• WORK INSTRUCTION:
Pictures aside, each record should be reproduced exactly.

• Data records:
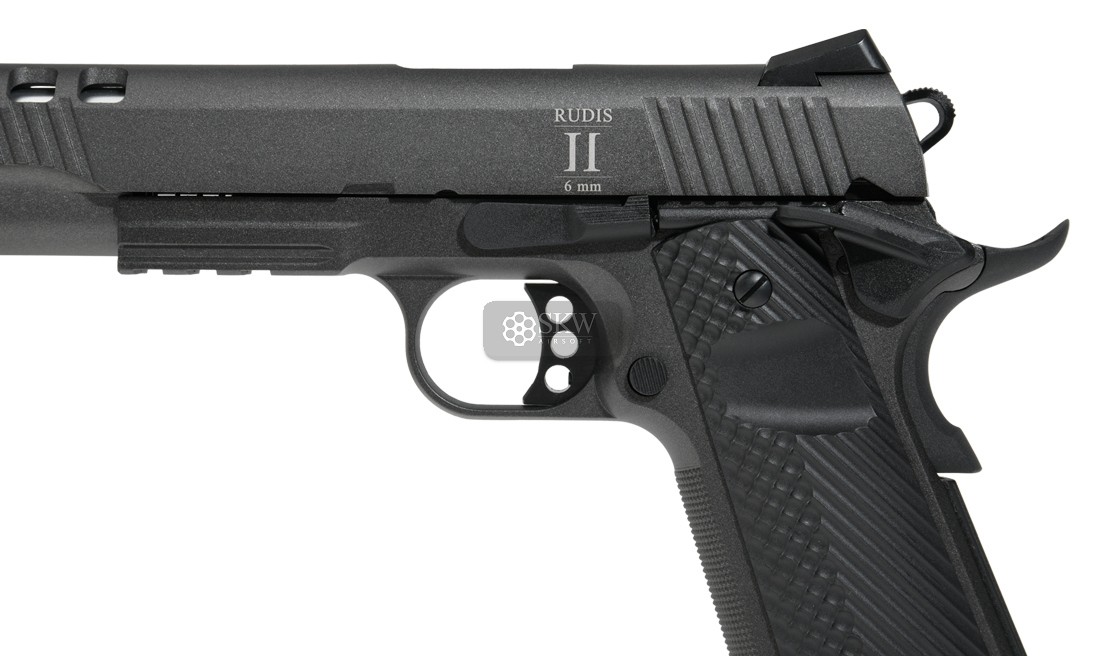 PISTOLA CO2 BLOW BACK RUDIS II ACTA NON VERBA...
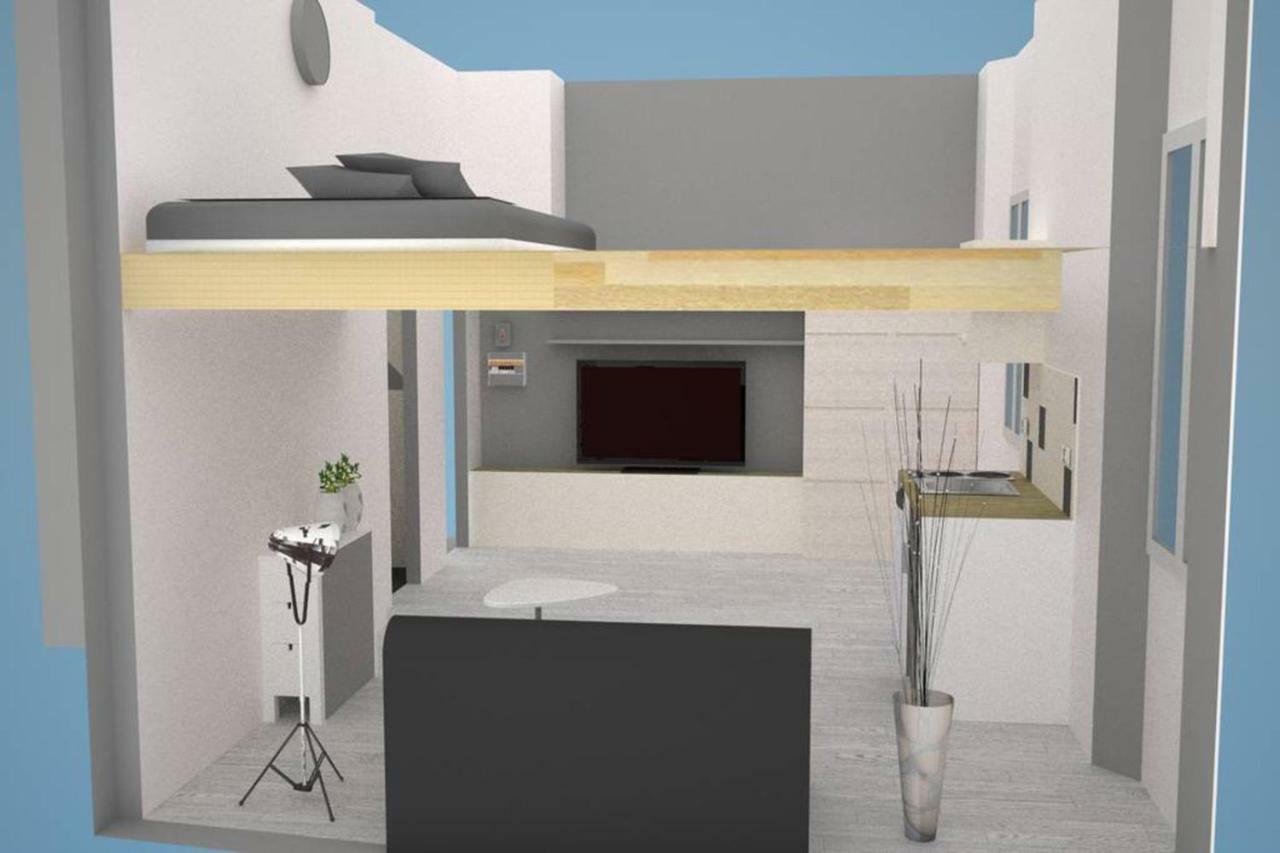 Gregbnb - Filet Suspendu ! - Parking Inclus - Climatise - Wifi -15Min Gare Тулон Экстерьер фото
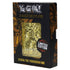 Yu - Gi - Oh! Replica Card Exodia the Forbidden One (gold plated) - 5060662466212 - CrystalLotus.eu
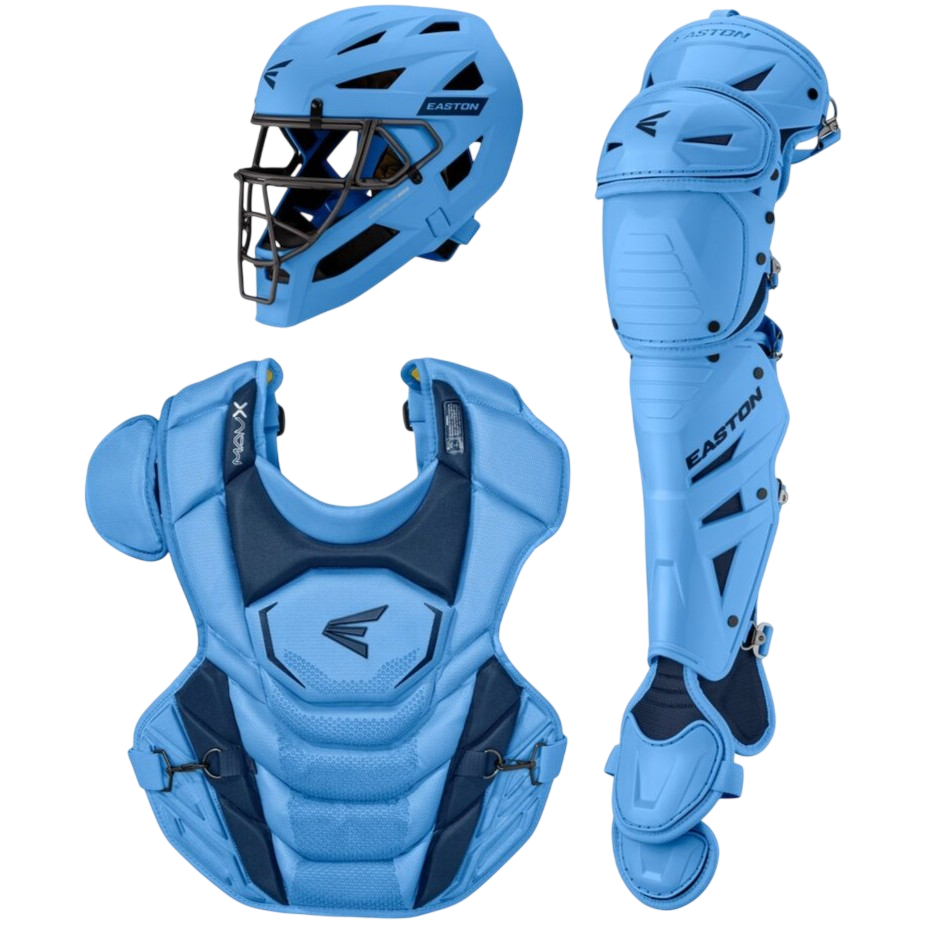 Easton Youth Mav X Baseball Catchers Kit-1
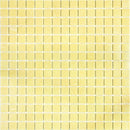 Speckled Yellow Squares Glass Pool Tile Sample
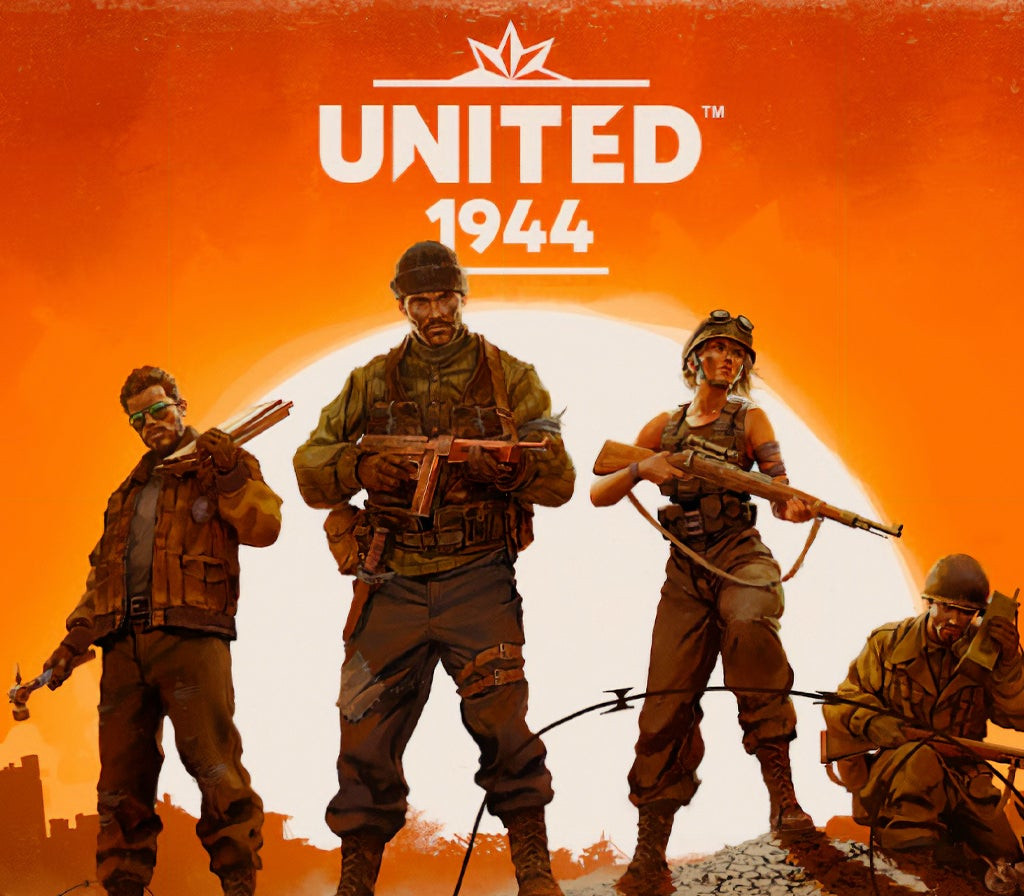 

United 1944 Steam CD Key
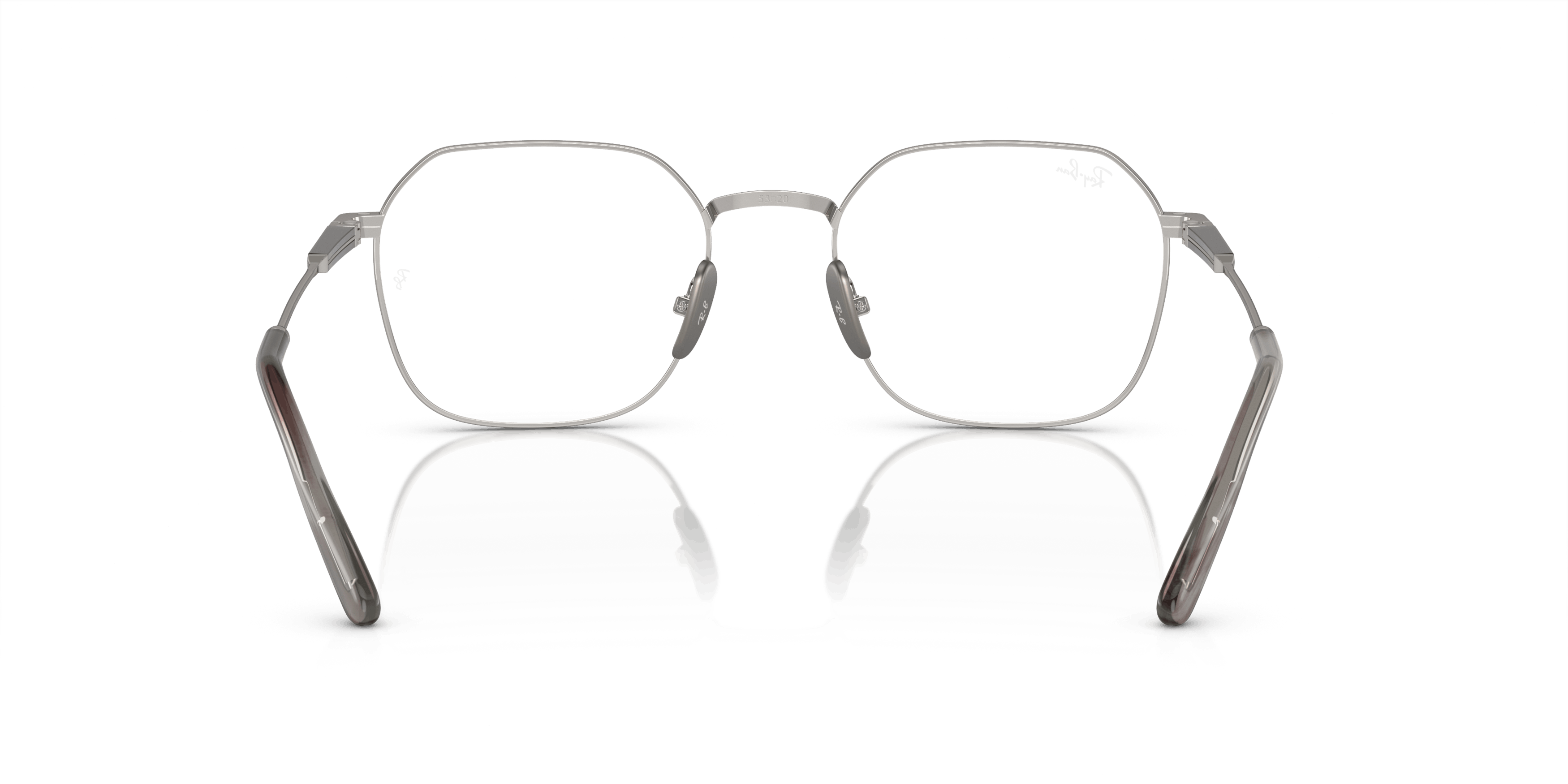Detail02, RAY-BAN Jim Titanium Optics RX8794 1002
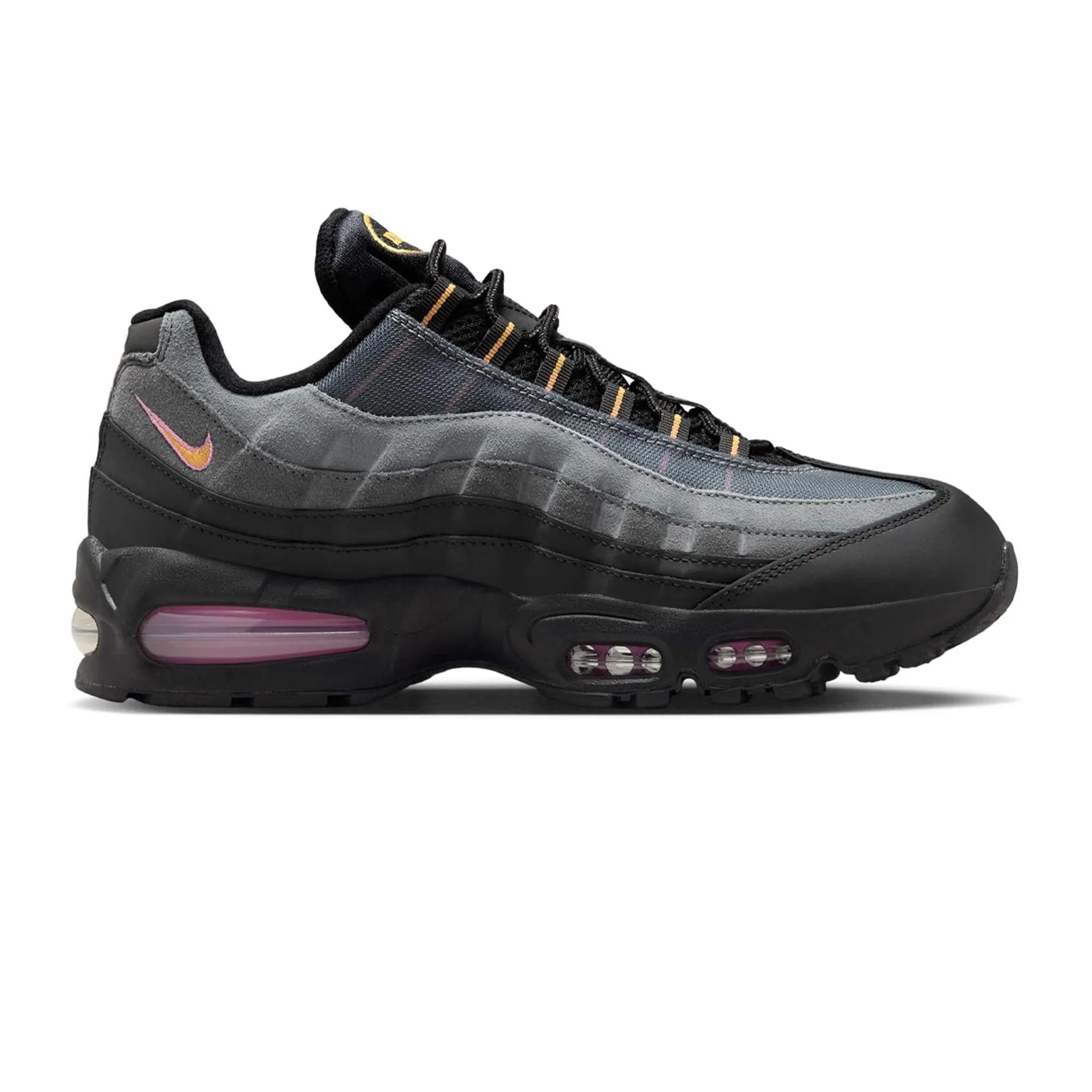 Rolling Motion Guidance premium - quality running shoes Nike Air Max 95 OG 'Big Bubble Sundial'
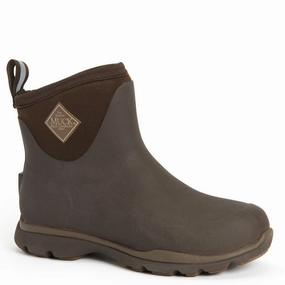 Wide Fit Muck Boots Arctic Excursion Ankle Boots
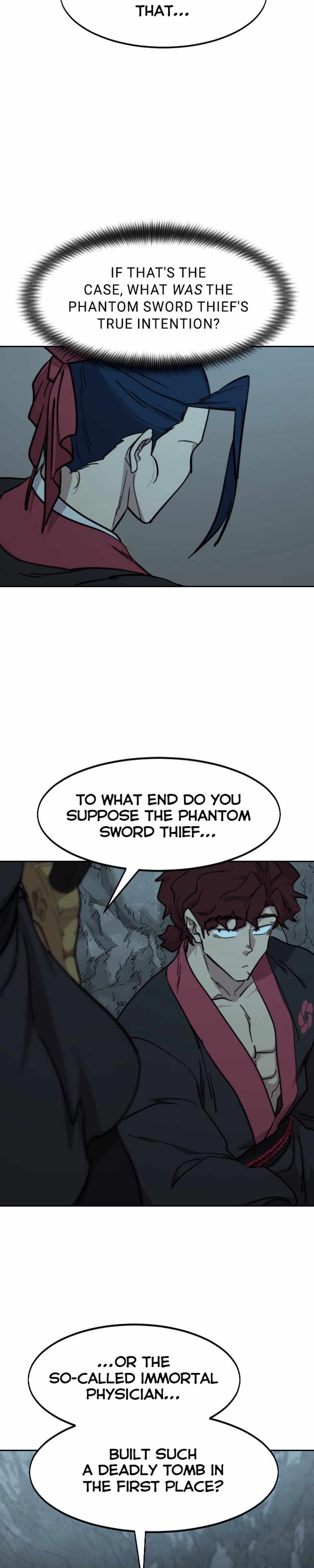 Return of the Blossoming Blade - Chapter 97 - Part 34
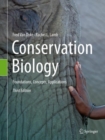 Image for Conservation Biology: Foundations, Concepts, Applications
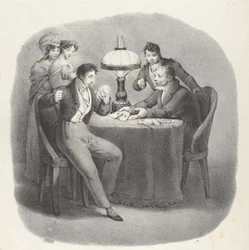 Chap. X : Quel guignon ! Quelle malchance !, 1824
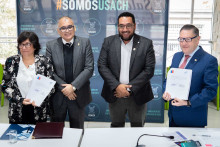 Ministro de Educación y Rectoras y Rectores Cruch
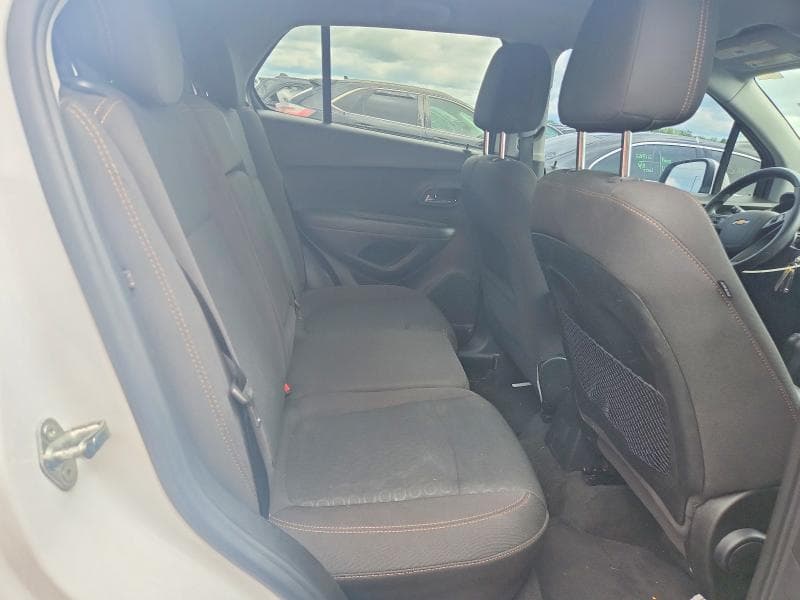 2019 CHEVROLET TRAX LS 10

• REPLY TO THE TASK:
 PISTOLA CO2 BLOW BACK RUDIS II ACTA NON VERBA...
 Gregbnb - Filet Suspendu ! - Parking Inclus - Climatise - Wifi -15Min Gare Тулон Экстерьер фото
 Yu - Gi - Oh! Replica Card Exodia the Forbidden One (gold plated) - 5060662466212 - CrystalLotus.eu
 Easton Youth Mav X Baseball Catchers Kit-1
 Speckled Yellow Squares Glass Pool Tile Sample

United 1944 Steam CD Key
Detail02, RAY-BAN Jim Titanium Optics RX8794 1002
 Rolling Motion Guidance premium - quality running shoes Nike Air Max 95 OG 'Big Bubble Sundial'
 Wide Fit Muck Boots Arctic Excursion Ankle Boots
 Return of the Blossoming Blade - Chapter 97 - Part 34
 Image for Conservation Biology: Foundations, Concepts, Applications
 Chap. X : Quel guignon ! Quelle malchance !, 1824
 Ministro de Educación y Rectoras y Rectores Cruch
 2019 CHEVROLET TRAX LS 10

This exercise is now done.